Associated Press
In this March 14, 2013 file photo, Senate Majority Leader Harry Reid, D-Nev., speaks during a news conference on Capitol Hill in Washington. Gun control legislation the Senate debates next month will include an expansion of federal background checks for firearms buyers, Reid said Thursday, March 21, 2013, in a victory for advocates of gun restrictions.

The National Rifle Association has expressed many concerns about gun regulation laws, but the latest opposition comes from an unexpected source: the American Civil Liberties Union.

The American Civil Liberties Union said a gun bill proposed by Senate Majority Leader Harry Reid (D-Nev.) on March 22 mandating background checks could infringe on Americans' civil liberties and privacy rights.

S 649 would mandate a universal background check for all gun sales, but the records maintained in background checks for private sales could be retained, which the ACLU says would be a violation of privacy rights.

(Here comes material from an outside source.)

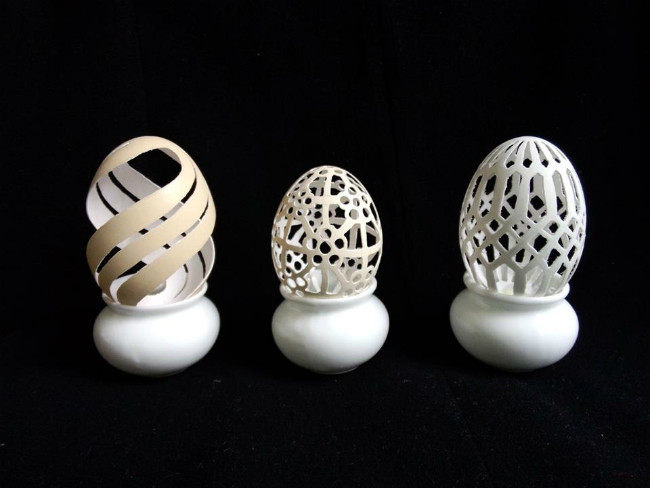 Vào năm 2014, chị đầu tư mua máy chuyên khắc vỏ trứng từ Mỹ về để thỏa mãn sở thích cá nhân. Thời gian đầu, vì lý do cá nhân, chị chỉ làm theo sở thích và chia sẻ thú vui là chính. Chị có đăng những sản phẩm của mình lên mạng xã hội để khoe với bạn bè.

The ACLU does not oppose Reid's bill as a whole; the group just has "significant concerns" about the language of the bill, said Chris Calabrese, a privacy lobbyist with the ACLU.

The first concern is the bill treats records for unlicensed gun sales differently than purchases made through unlicensed sellers.

Calabrese said when approved sellers use the National Instant Criminal Background Check System, they destroy most of the obtained records within 24 hours, and all the records must be destroyed within 90 days. Reid's proposal doesn't have any such requirement for universal background checks when it comes to unlicensed gun sales.

"We believe the Reid proposal needs to have those same standards," Calabrese told the Deseret News.

The second concern is this could be the first step toward making a national gun registry, which the ACLU would oppose for privacy reasons.

The White House has denied pursuing a national gun registry, according to the Daily Caller, but Calabrese said that could be an indirect result of the language of the bill.

“[U]nfortunately, we have seen in the past that the creation of these types of records leads sometimes to the creation of government databases and collections of personal information on all of us,” Calabrese told the Daily Caller. “That’s not an inevitable result, but we have seen that happen in the past, certainly.”

The ACLU has no problem with universal background checks as long as the records are taken care of and privacy rights are preserved.

"If you're going to do a background check, it makes sense to do an effective background check," Calabrese said.